# Pentaho Airflow plugin
[![Build Status](https://travis-ci.org/damavis/airflow-pentaho-plugin.svg?branch=master)](https://travis-ci.org/damavis/airflow-pentaho-plugin)
[![codecov](https://codecov.io/gh/damavis/airflow-pentaho-plugin/branch/master/graph/badge.svg)](https://codecov.io/gh/damavis/airflow-pentaho-plugin)
[![PyPI](https://img.shields.io/pypi/v/airflow-pentaho-plugin)](https://pypi.org/project/airflow-pentaho-plugin/)
[![PyPI - Downloads](https://img.shields.io/pypi/dm/airflow-pentaho-plugin)](https://pypi.org/project/airflow-pentaho-plugin/)

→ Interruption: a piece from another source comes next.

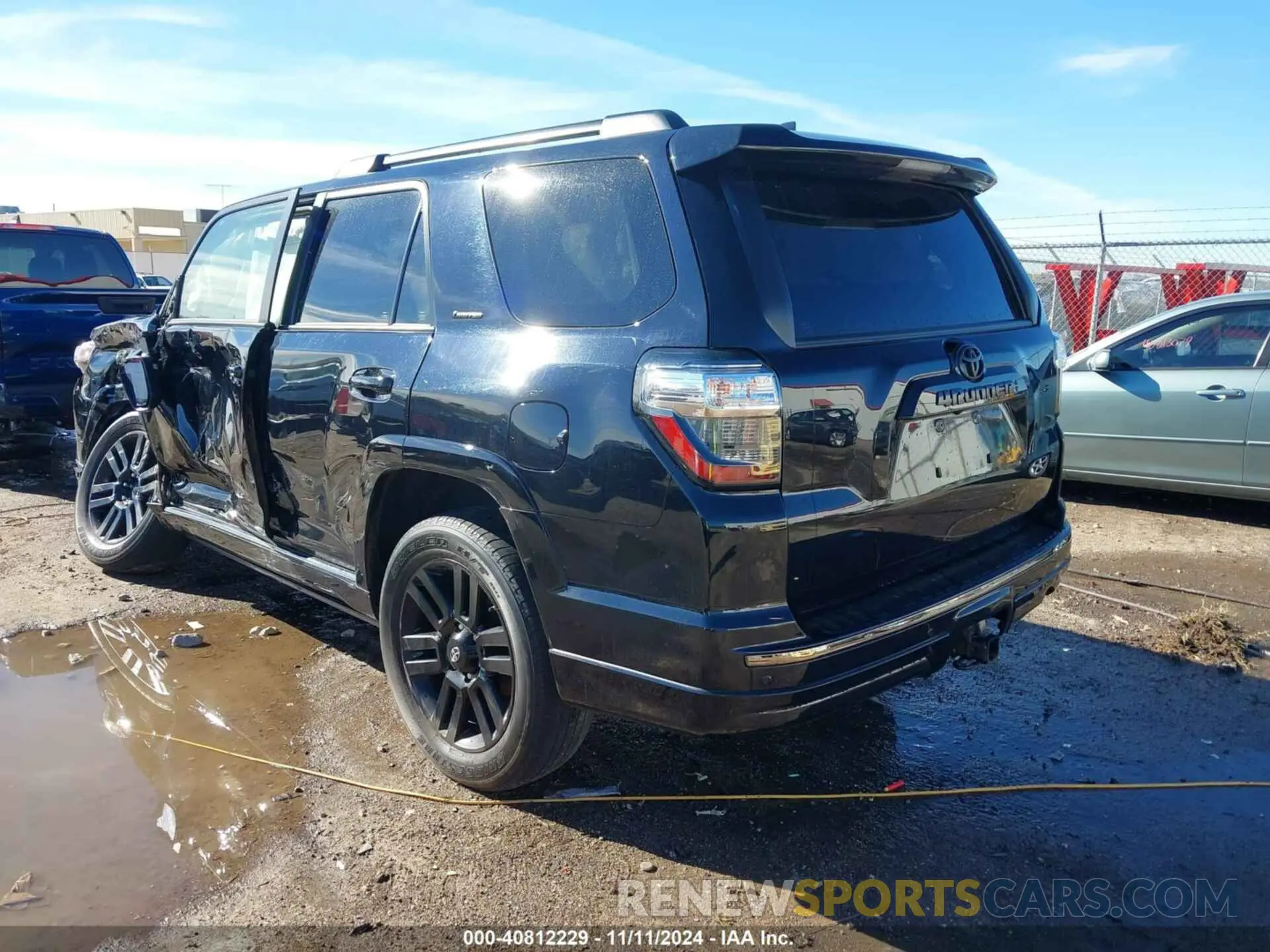 3 Photograph of a damaged car JTEJU5JR6M5882086 TOYOTA 4RUNNER 2021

This plugins runs Jobs and Transformations through Carte servers.
It allows to orchestrate a massive number of trans/jobs taking care
of the dependencies between them, even between different instances.
This is done by using `CarteJobOperator` and `CarteTransOperator`
It also runs Pan (transformations) and Kitchen (Jobs) in local mode,
both from repository and local XML files. For this approach, use
`KitchenOperator` and `PanOperator`
## Requirements
1. A Apache Airflow system deployed.
2. One or many working PDI CE installations.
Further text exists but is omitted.